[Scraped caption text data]
______
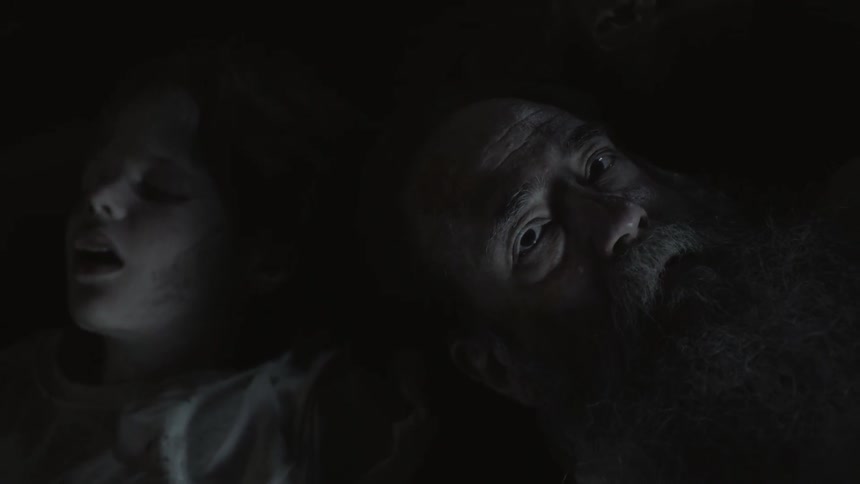 Two bodies are laying in a dark area
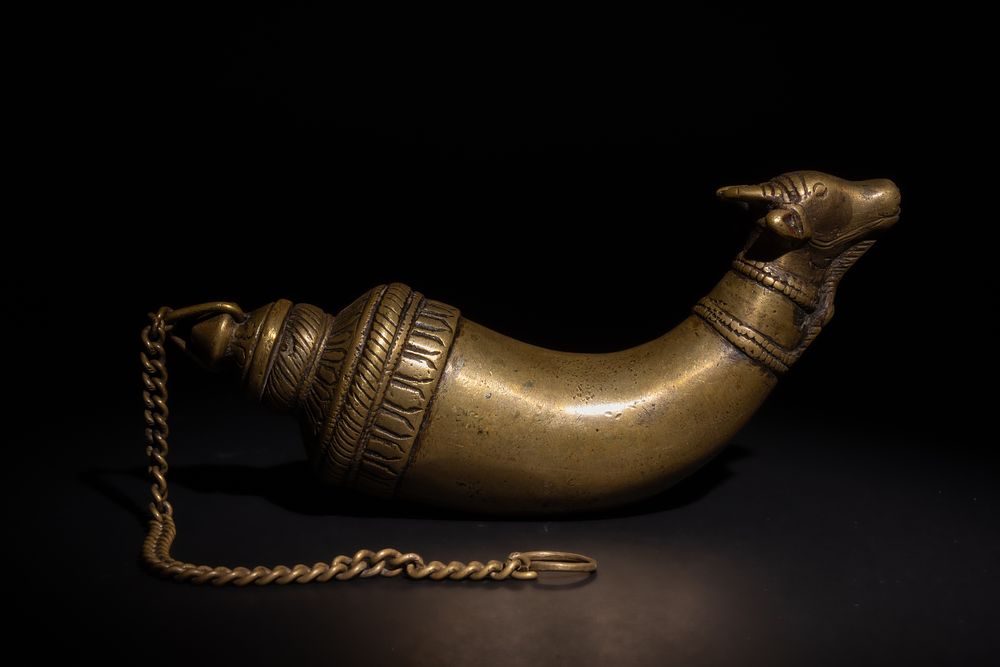 Lot 172: An Indian Mughal Bronze Gunpowder Flask with Bull...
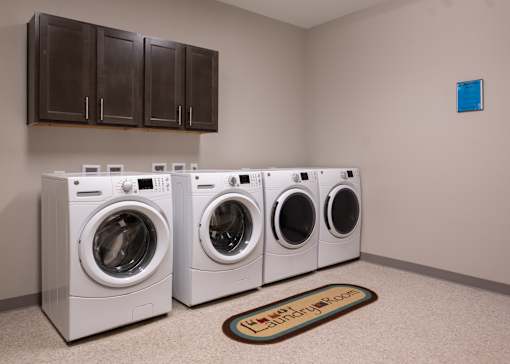 A community laundry room with four machines at Aspen Ridge 55+ Active Adult Community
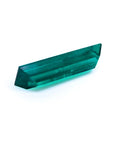 3.13 carat baguette cut Colombian emerald, eye-clean, sparkling bluish-green.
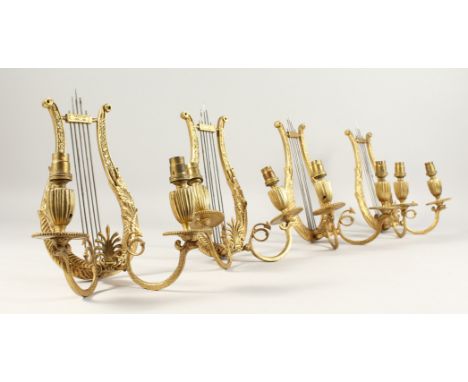 A VERY GOOD SET OF FOUR FRENCH ORMOLU, LYRE, TWO LIGHT WALL SCONCES with acanthus and anthemis. 10ins high.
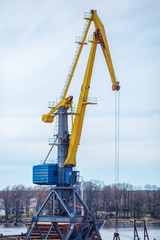 loading cranes in the port against the sky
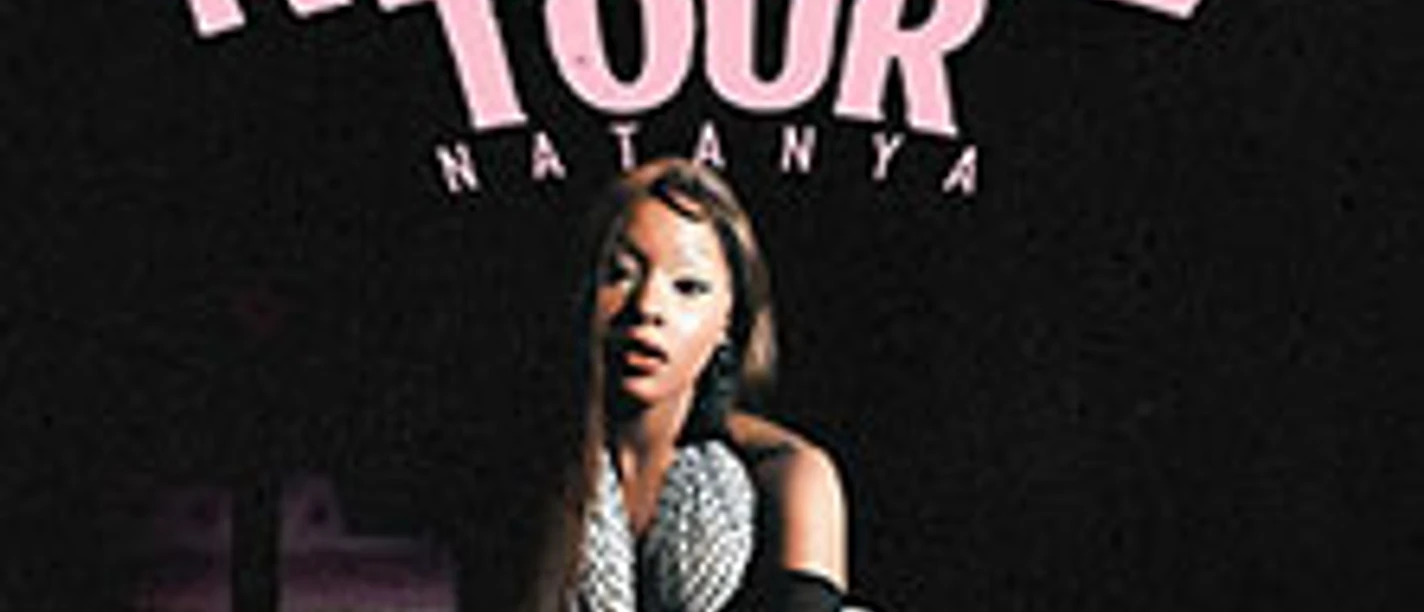 Frau posiert vor dunklem Hintergrund unter dem Schriftzug The Attitude Tour Natanya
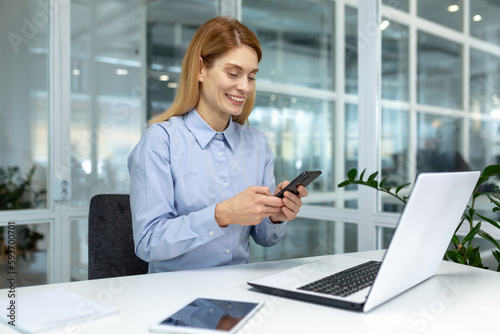 Successful mature businesswoman boss using phone at workplace inside modern bright office, office worker typing online message on smartphone smiling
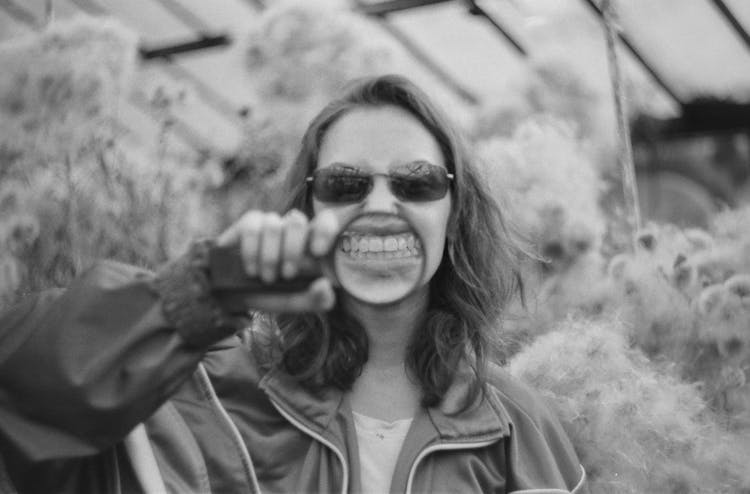 Smiling Man Showing Teeth In Magnifier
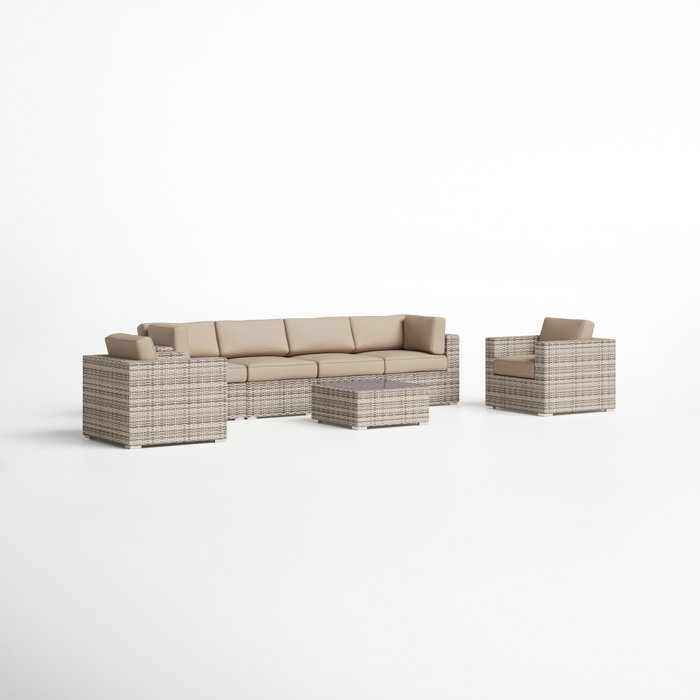 Joss and Main Conner 7 Piece Rattan Sectional Seating Group with Cushions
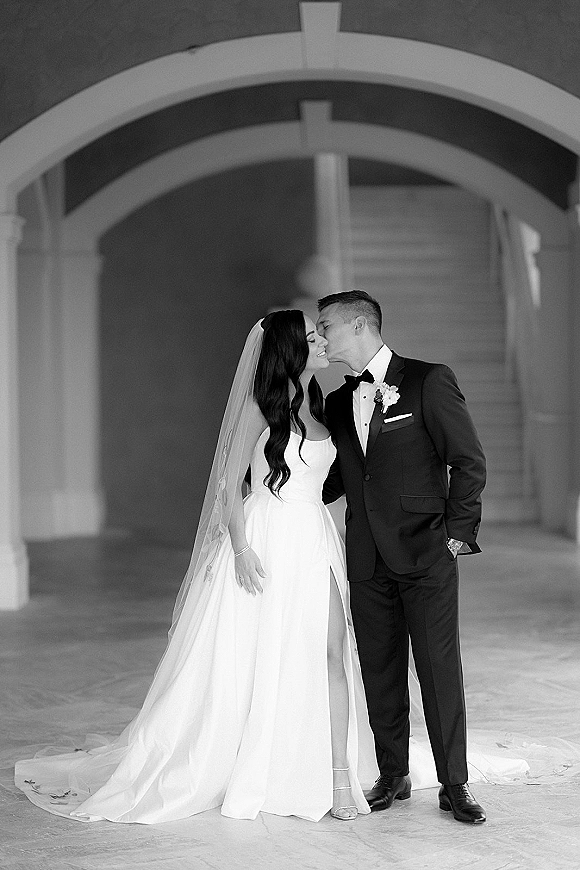 Wedding kiss portrait of bride and groom kissing in a black and white wedding portrait under arched columns, her veil flowing behind them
______
_PROBLEM REQUIREMENTS_: The copy must match each record exactly, apart from the images, which stay out.

_FINAL ANSWER_:
 Two bodies are laying in a dark area
 Lot 172: An Indian Mughal Bronze Gunpowder Flask with Bull...
 A community laundry room with four machines at Aspen Ridge 55+ Active Adult Community
 3.13 carat baguette cut Colombian emerald, eye-clean, sparkling bluish-green.
 A VERY GOOD SET OF FOUR FRENCH ORMOLU, LYRE, TWO LIGHT WALL SCONCES with acanthus and anthemis. 10ins high.
 loading cranes in the port against the sky
 Frau posiert vor dunklem Hintergrund unter dem Schriftzug The Attitude Tour Natanya
 Successful mature businesswoman boss using phone at workplace inside modern bright office, office worker typing online message on smartphone smiling
 Smiling Man Showing Teeth In Magnifier
 Joss and Main Conner 7 Piece Rattan Sectional Seating Group with Cushions
 Wedding kiss portrait of bride and groom kissing in a black and white wedding portrait under arched columns, her veil flowing behind them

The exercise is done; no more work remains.